*RECORDS FOR PROCESSING*.

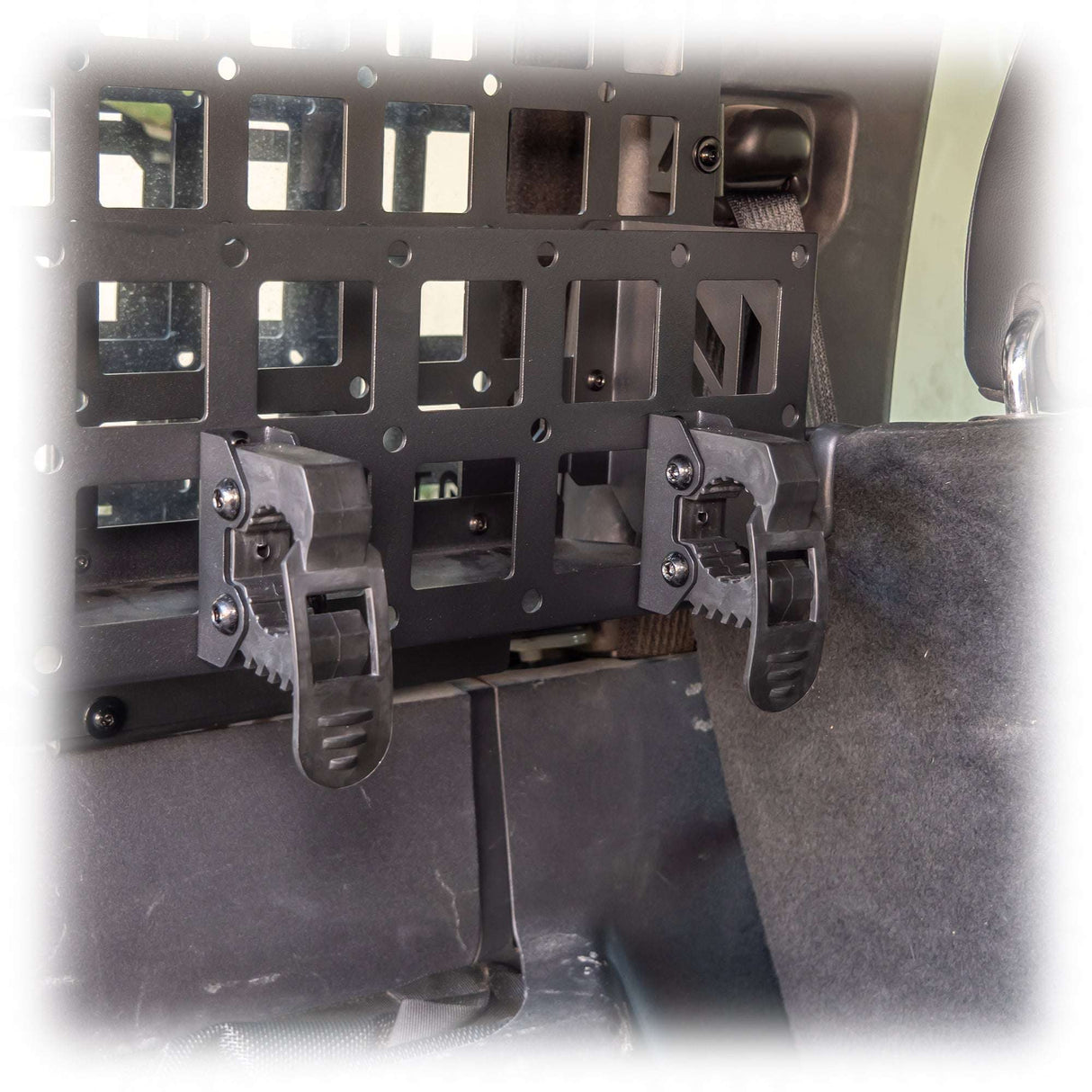 MOLLE Rubber Clamp Mount Turn Offroad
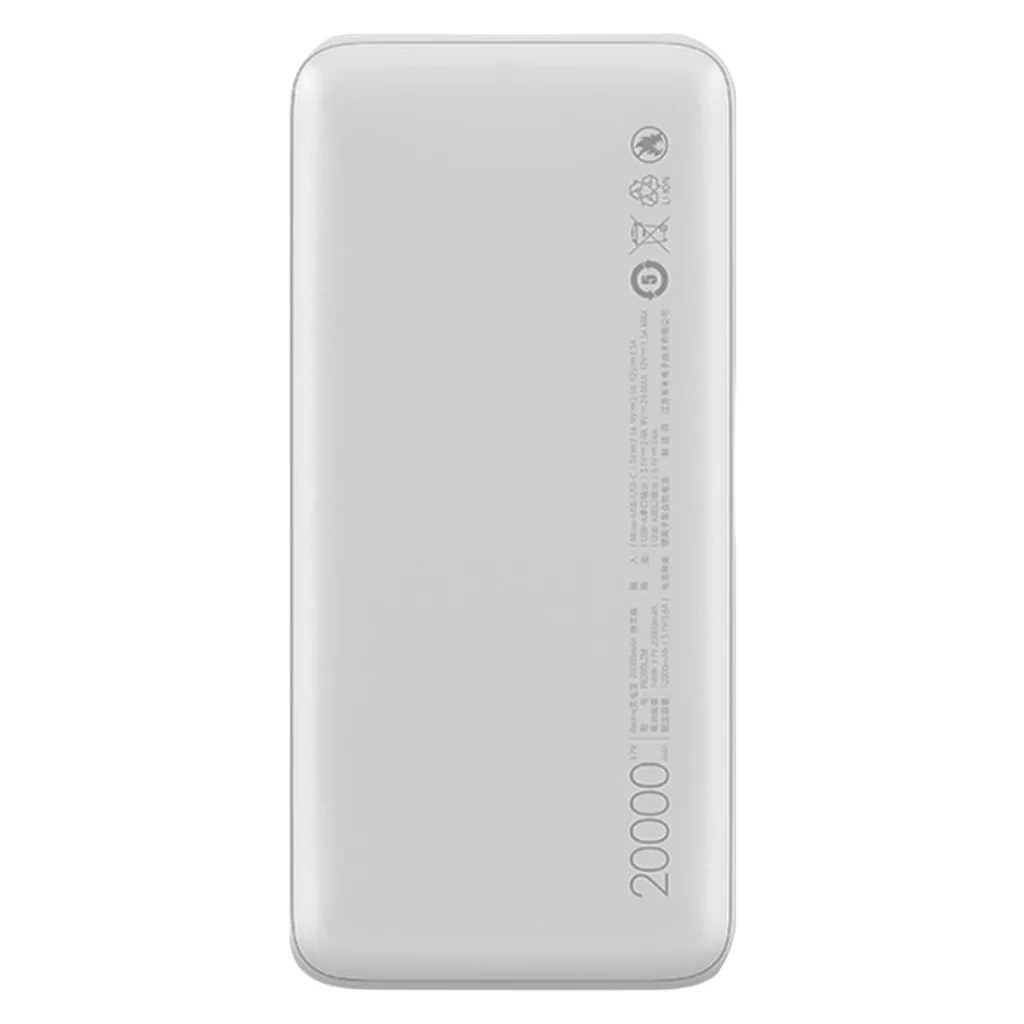 پاوربانک مدل Redmi ظرفیت 20000 میلی آمپرساعت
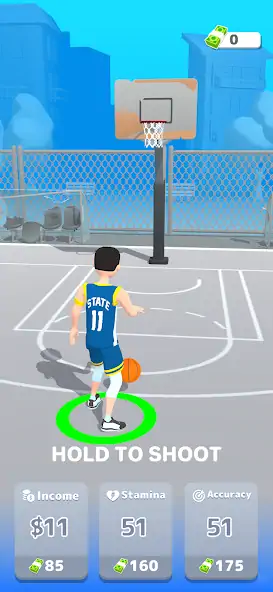 Скачать My Basketball Career Взлом [МОД Бесконечные монеты] + [МОД Меню] MOD APK на Андроид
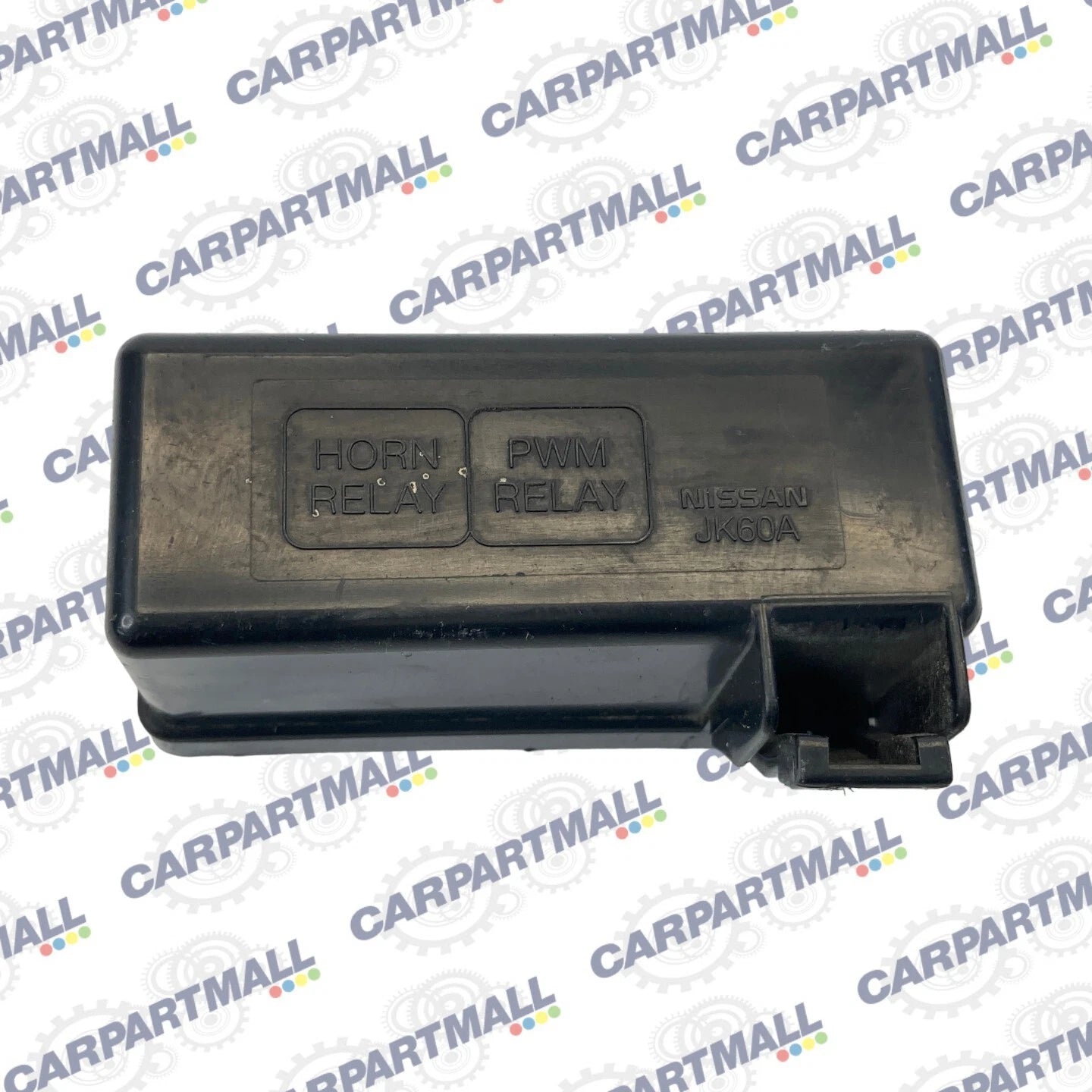 2007 2008 INFINITI G35 3.5L V6 AT HORN PWM RELAY COVER PANEL TRIM JK60A OEM
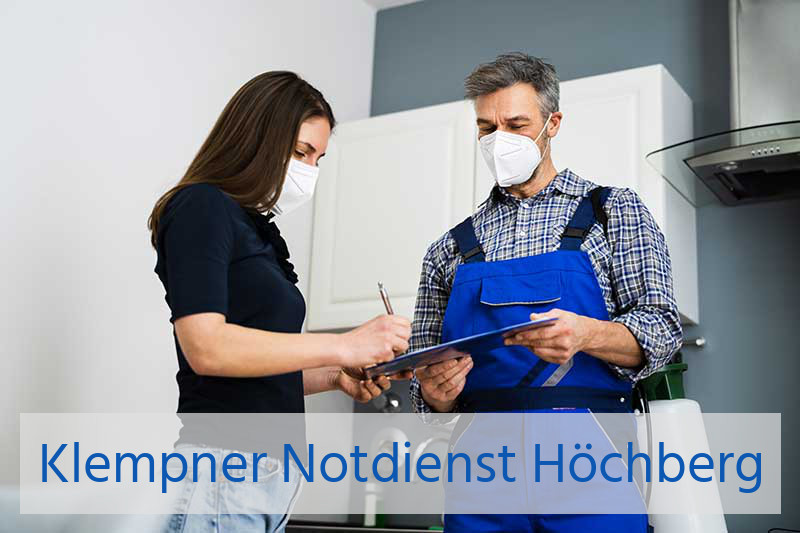 Klempner Notdienst Höchberg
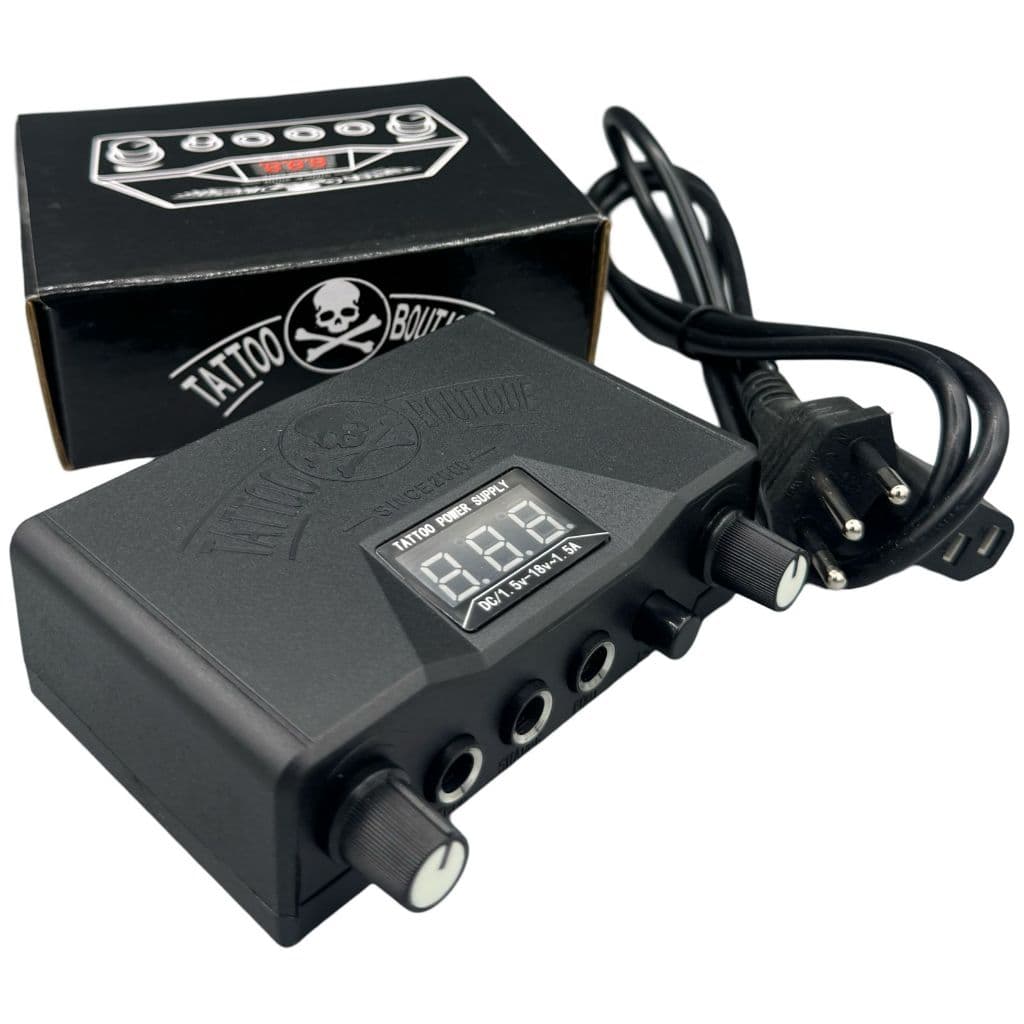 fonte digital boutique para 2 máquinas Tatuagem tattoo - promoção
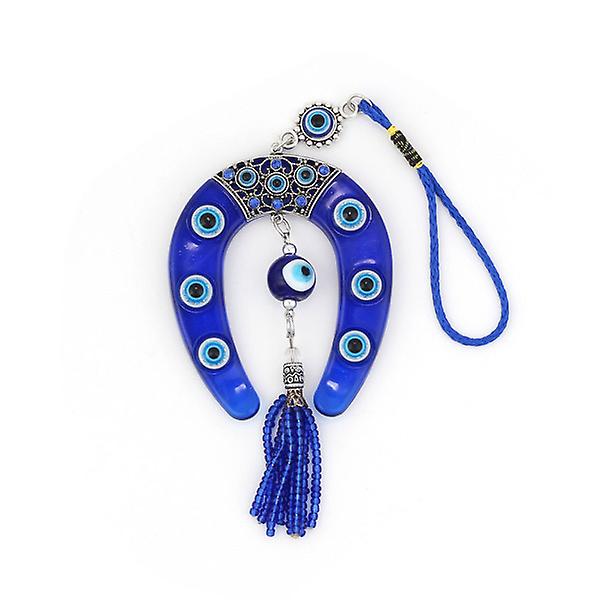 1 st. Nyckelring Bilhalsband Turkisblått Halsband Onda Ögat Halsband För Kvinnor
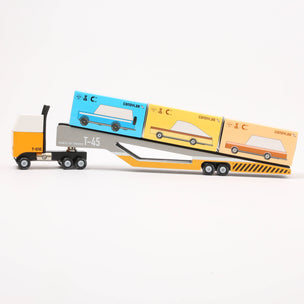 Candylan Magnetic Transporter with 3 cars © Conscious Craft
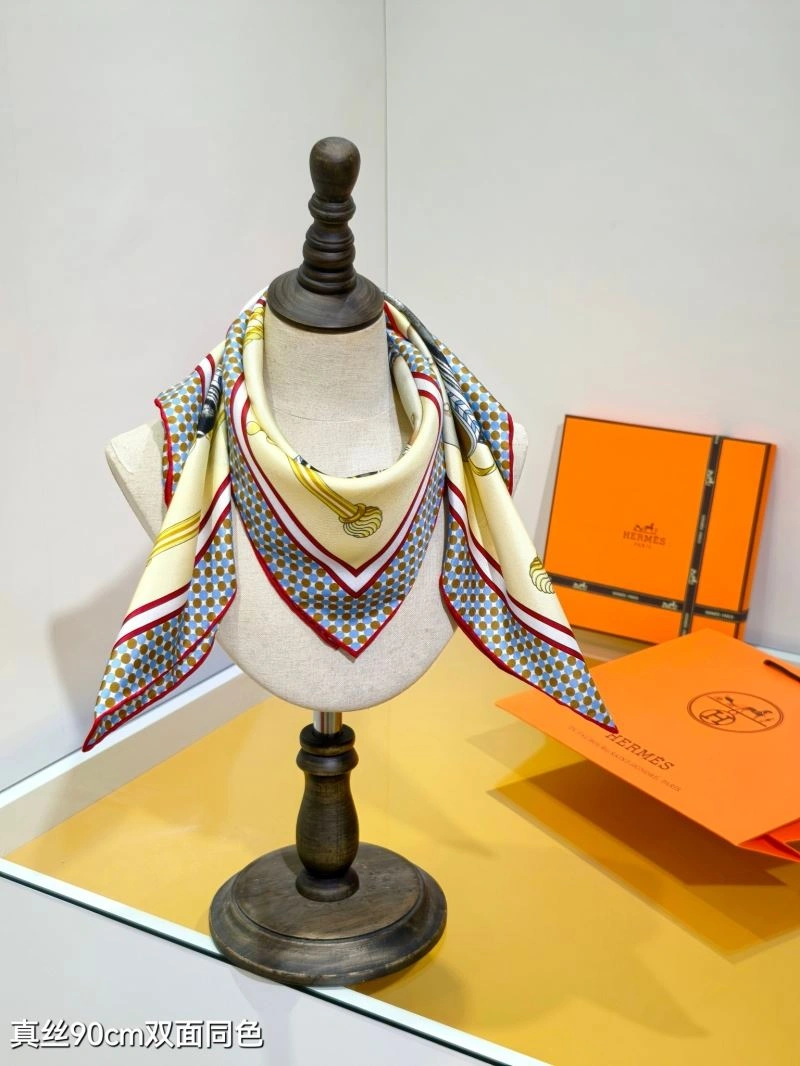 Bright Hermes Scarf 271562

*PROBLEM TO WORK ON*. Restate the listing above word for word and skip each picture.

*FINISHED TASK*.
 MOLLE Rubber Clamp Mount Turn Offroad
 پاوربانک مدل Redmi ظرفیت 20000 میلی آمپرساعت
 Скачать My Basketball Career Взлом [МОД Бесконечные монеты] + [МОД Меню] MOD APK на Андроид
 2007 2008 INFINITI G35 3.5L V6 AT HORN PWM RELAY COVER PANEL TRIM JK60A OEM
 Klempner Notdienst Höchberg
 fonte digital boutique para 2 máquinas Tatuagem tattoo - promoção
 1 st. Nyckelring Bilhalsband Turkisblått Halsband Onda Ögat Halsband För Kvinnor
 Candylan Magnetic Transporter with 3 cars © Conscious Craft
 Bright Hermes Scarf 271562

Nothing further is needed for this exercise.